Where the records below show a line containing "Lululemon zip up", start copying; end with the line containing "El Concurs Internacional", and copy it too.
(Beginning of Data for this exercise)
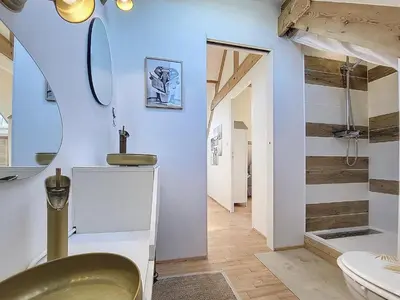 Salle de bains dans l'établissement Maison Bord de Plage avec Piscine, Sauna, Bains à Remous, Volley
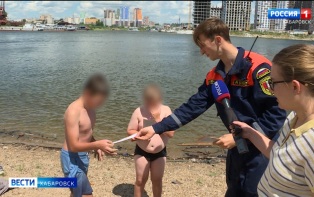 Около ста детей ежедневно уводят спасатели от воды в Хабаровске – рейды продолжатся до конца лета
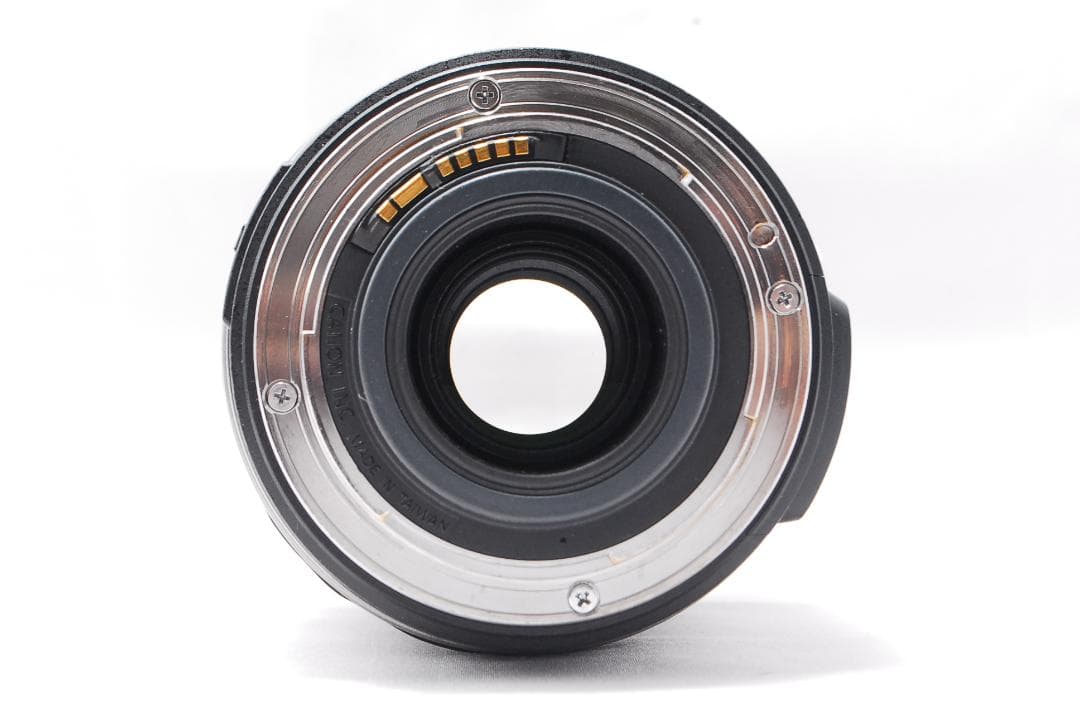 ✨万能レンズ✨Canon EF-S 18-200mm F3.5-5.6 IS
(End of Data for this exercise)
(Beginning of Data for this exercise)
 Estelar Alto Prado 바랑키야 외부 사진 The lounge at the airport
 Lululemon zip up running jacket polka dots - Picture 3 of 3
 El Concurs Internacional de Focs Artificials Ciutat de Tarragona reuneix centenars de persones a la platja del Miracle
(End of Data for this exercise)
* **The completed task**
 Lululemon zip up running jacket polka dots - Picture 3 of 3
 El Concurs Internacional de Focs Artificials Ciutat de Tarragona reuneix centenars de persones a la platja del Miracle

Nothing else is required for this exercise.